Please reproduce, exactly as given, the lines running from the start of the data to the line containing "Hello friends, this", inclusive, and omit the pictures.

— Collected data entries —
::::

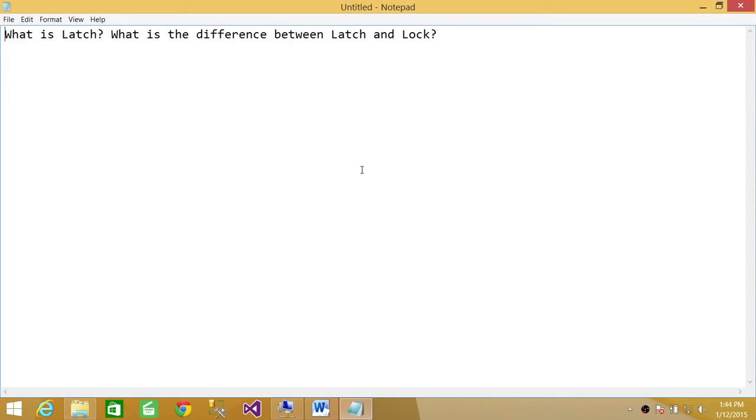Welcome to Tech Brothers. In this video, we're going to answer a question: What is latch and what is the difference between latch and lock?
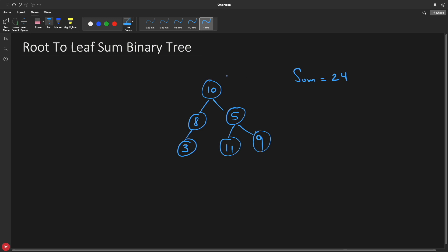Hello friends, this is Rupesh and you are watching cppnuts video series on data structure and algorithm series. This video is about root to leaf sum in binary tree. As you can see, you have this binary tree and the sum we are looking for from root to leaf in any path is, let's suppose, 24. Your job is to find if there is any path from root to leaf which sums to 24 or any given number.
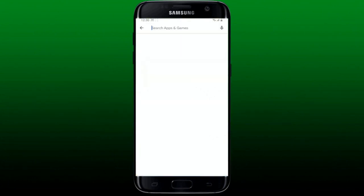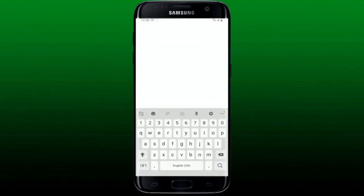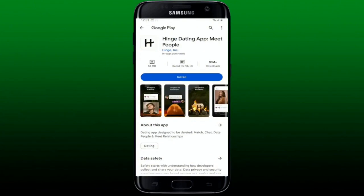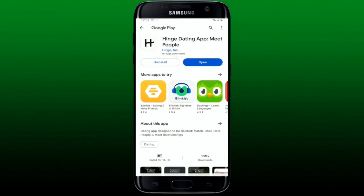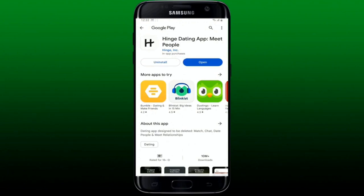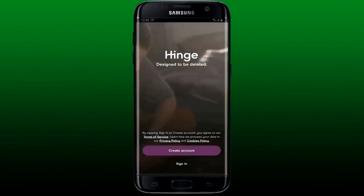Go to the search box and type in Hinge and search. Once you find the Hinge dating application, tap on the Install button to begin the download process. Wait until the application is downloaded and installed. Once the installation is completed, tap on the Open button to launch the Hinge dating application on your Android device.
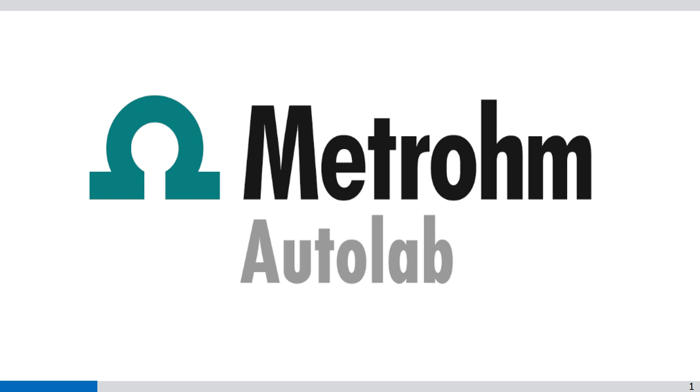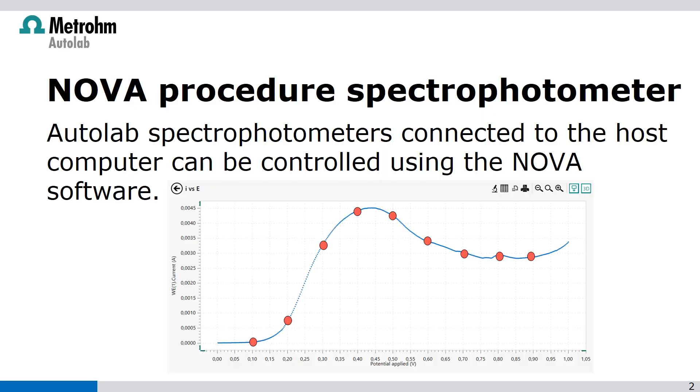Welcome to the NOVA videos. In this video I'm going to show you spectro electrochemistry with the use of the NOVA 2 software and the Outlab spectro setup.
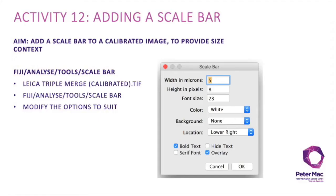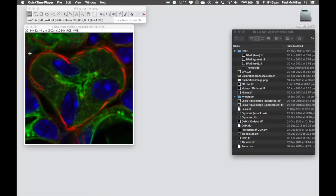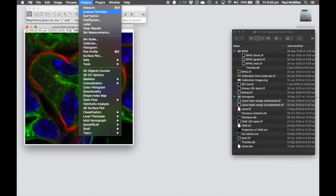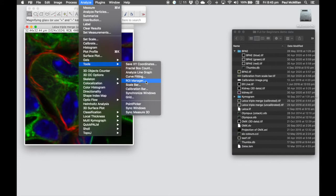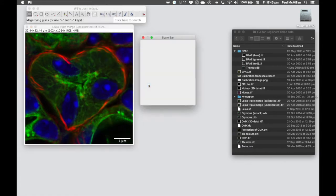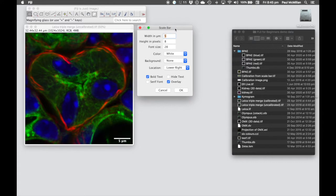Activity 12 is adding a scale bar into your image, allowing people to understand distances and physical sizes within the image. Now that we've calibrated the image, we can add a scale bar. We go to Fiji Analyze, Tools, Scale Bar. This brings up a dialog box where we can change the width in microns — choose something that makes sense for the image size — and the height in pixels to make it look like a bar.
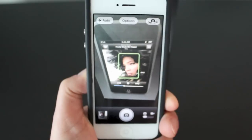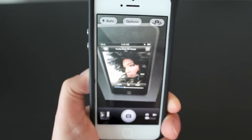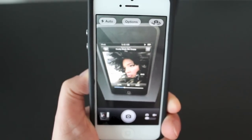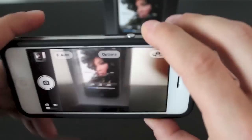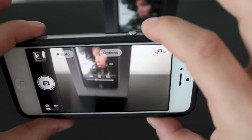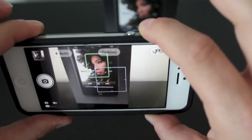Taking a wide-angle picture is super simple on the iPhone 5 as well. All you need to do is simply turn your iPhone horizontally and use your volume up button to take your picture.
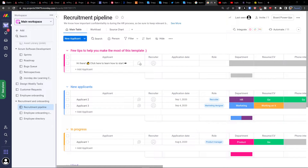Hey there guys, my name is Markus and in this video I'm going to guide you how you can easily save a template or create a template in monday.com. So let's start.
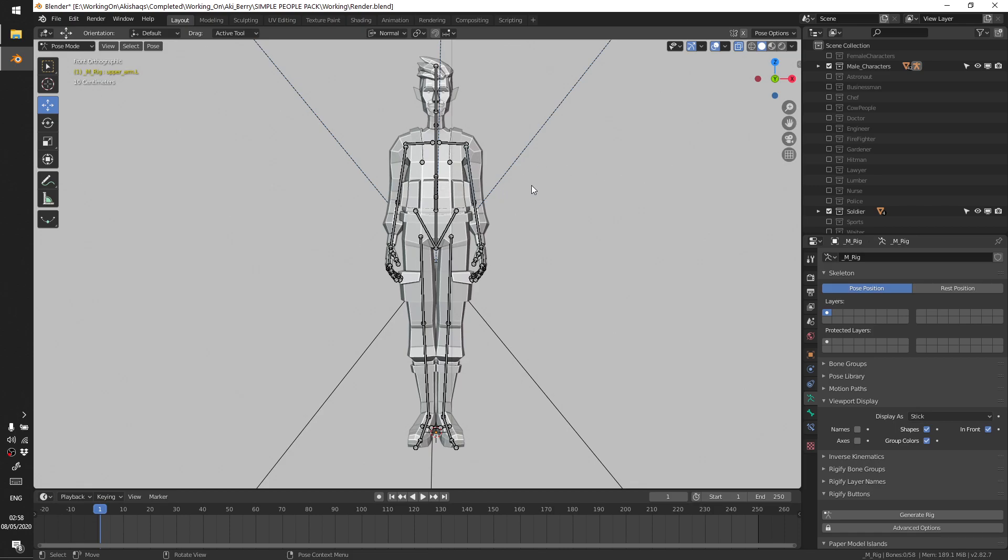Hey there, this is a very quick video about a bug in pose mode in Blender. When you're in pose mode, sometimes what happens is you're not able to select the bones with left mouse click. So how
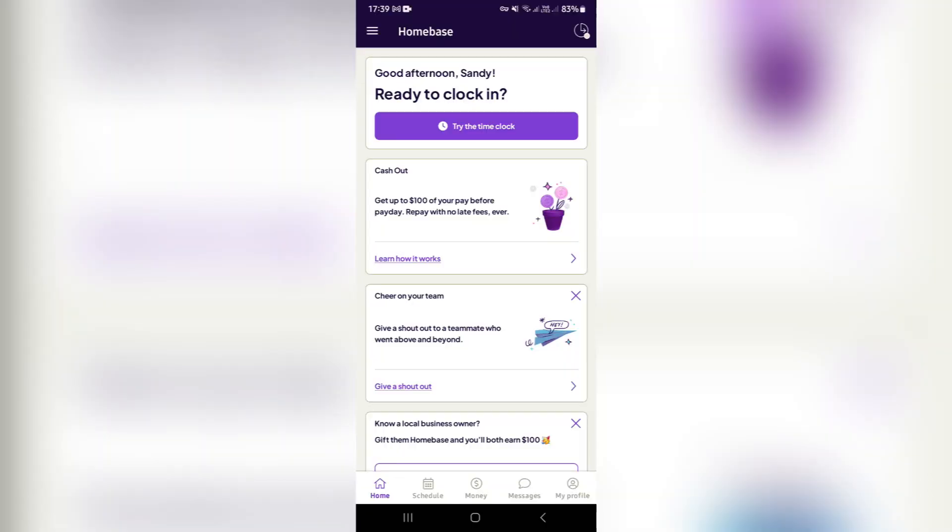Ladies and gentlemen, welcome to the channel. Today I'm going to show you how to schedule time off on the Homebase app. So if you're here for that, let's dive straight in.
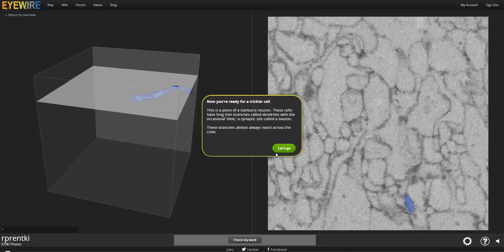Hi everyone, this is R Prenke with another tutorial video for iWire. This is going to be one for a starburst amacrine cell. They're a little bit more difficult. They're characterized by long, thin branches that will usually go across the cube and an occasional blob. They're difficult because the branches are so thin that sometimes it is very difficult to see in the 2D. Let's get started.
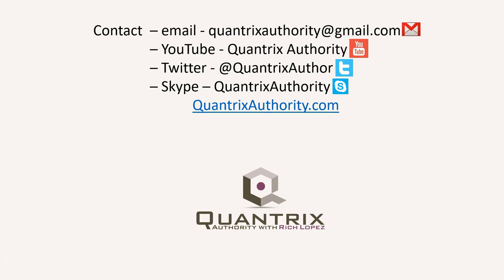Today's podcast is brought to you by quantrixauthority.com. I love Quantrix, and I want to make you a Quantrix master.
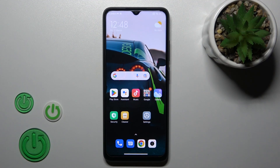Hi, this is the Xiaomi Redmi 12C and I'll show you how to adjust ringtone volume on this device.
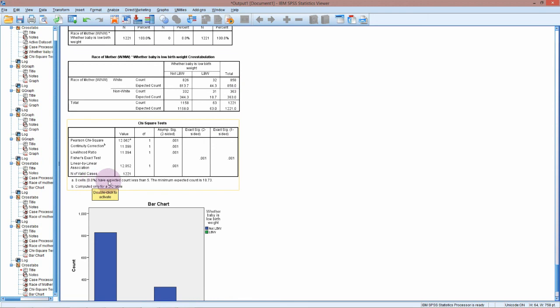We have no warning about low cell counts because all our expected counts are now much higher, so the test is fine. We've got a very low p-value still, which is very strong evidence against the null hypothesis. Therefore, we would assume that there is some kind of relationship between race and being low birth weight.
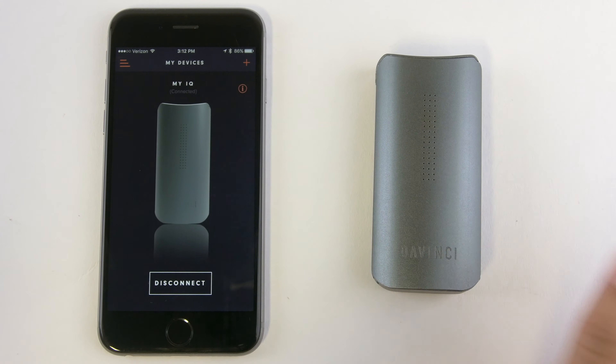You can add a new IQ and have multiple IQs synced to one device, or you can disconnect your IQ by clicking the disconnect button.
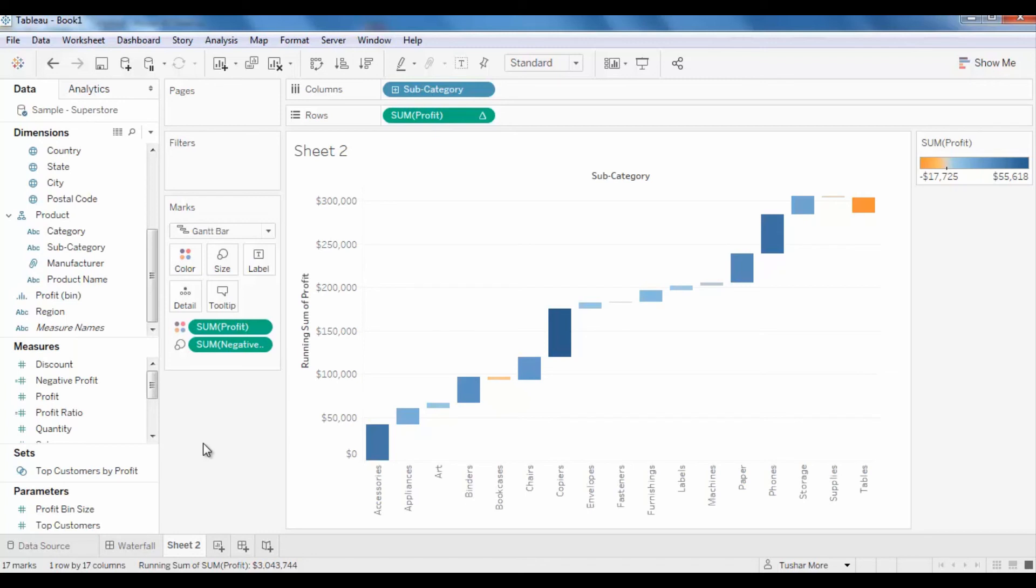With that, our waterfall chart is ready. We hope you learned how to implement waterfall charts and you will be able to do it on your own at your workplace.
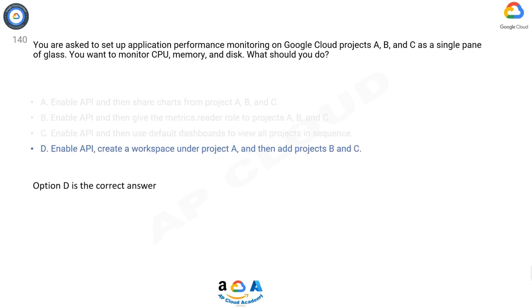Option D is the correct answer. Keep project A as the host project in the workspace, and projects B and C as service projects, and monitor the metrics of project A for a centralized view.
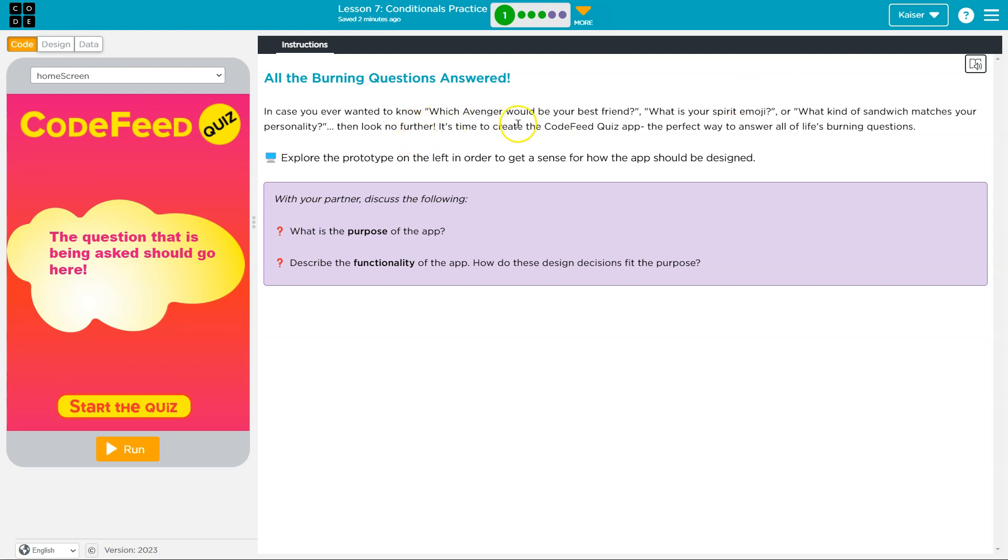Then, look no further, it's time to create the CodeFeed quiz. Yikes, that's a name. Oh, they're trying to be BuzzFeed, Rick. Quiz app, the perfect way to answer all of life's pretty questions.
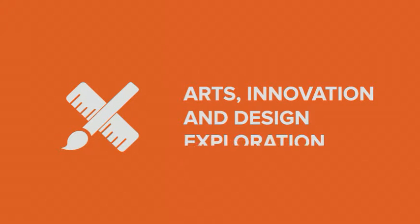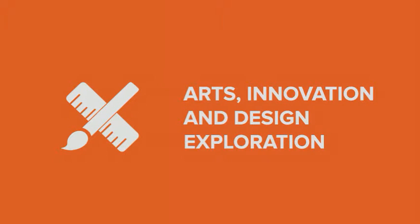If so, then you might enjoy starting your academic career in arts, innovation, and design exploration.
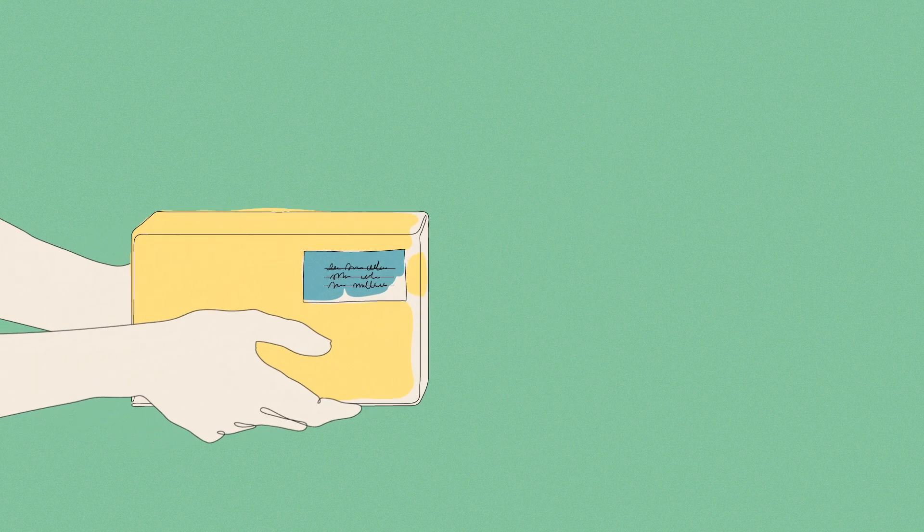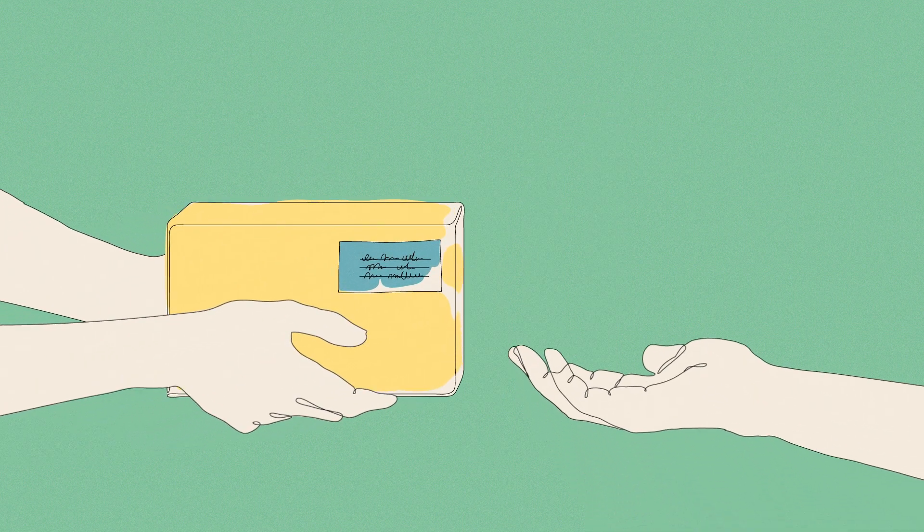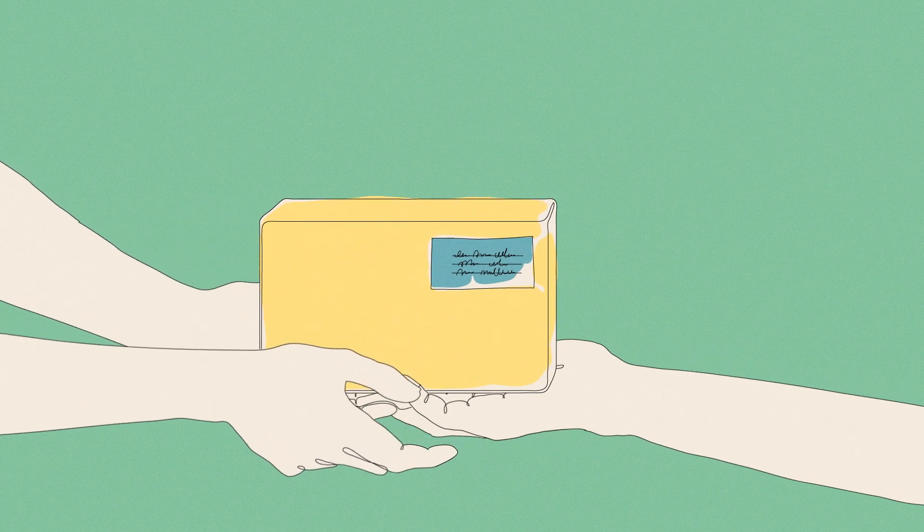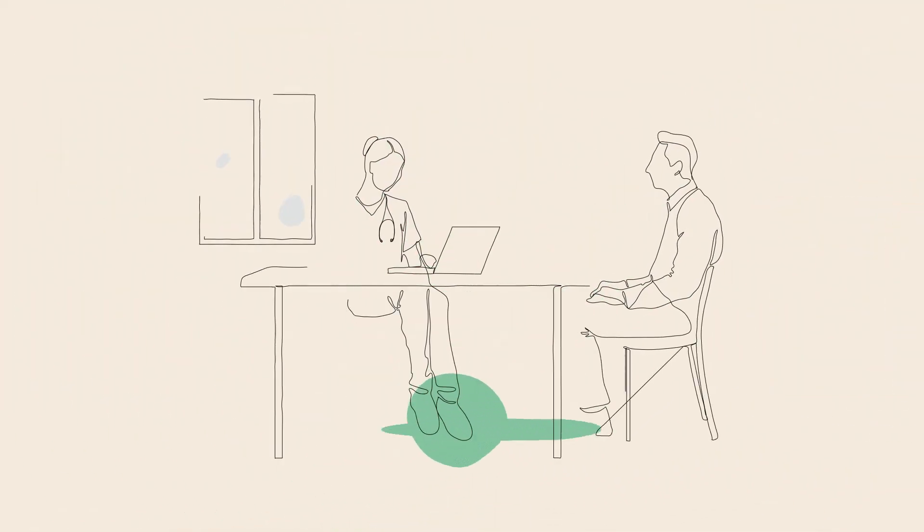There's less administration too, as lancets, test strips and needles for Actiste are automatically resupplied directly to the customer's home.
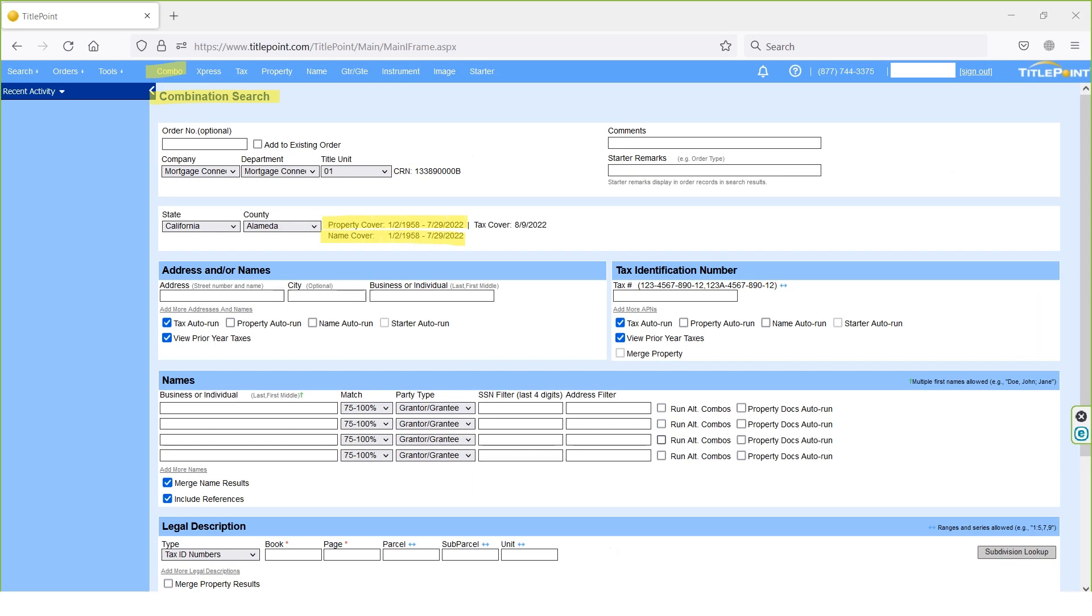In combination search page we have multiple search options. First one is address search option, second one is name search option, third one is tax ID search option.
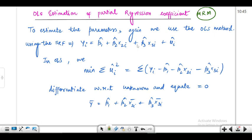To estimate the parameters of the multiple regression model, we can use the OLS method. Using the SRF — the sample regression function — we estimate the population regression function through estimators beta1 hat, beta2 hat, and beta3 hat. So I'll be estimating my parameters with the help of these estimators.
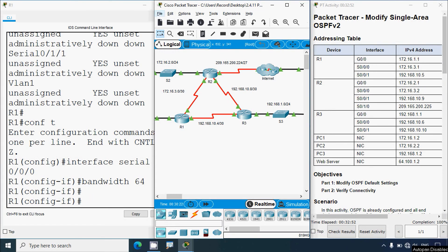If you have any doubts or suggestions regarding this Packet Tracer activity, please comment below or contact our team via the website link in the description. If you liked our video, give it a thumbs up and share it with all your friends. Stay tuned!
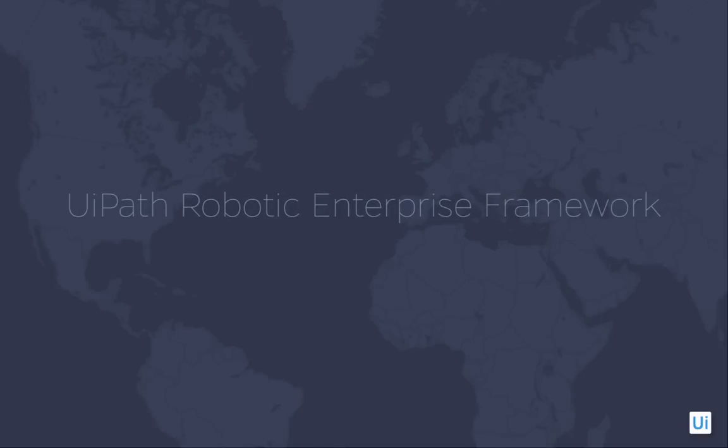Hello and welcome to the UiPath Robotic Enterprise Framework Tutorials. Now that we've learned how to create basic automation projects in the foundation training, it's time to have the robots working on more complex and robust projects.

::::

— RESPONSE AREA —
Welcome to Tech Brothers. In this video, we're going to answer a question: What is latch and what is the difference between latch and lock?
Hello friends, this is Rupesh and you are watching cppnuts video series on data structure and algorithm series. This video is about root to leaf sum in binary tree. As you can see, you have this binary tree and the sum we are looking for from root to leaf in any path is, let's suppose, 24. Your job is to find if there is any path from root to leaf which sums to 24 or any given number.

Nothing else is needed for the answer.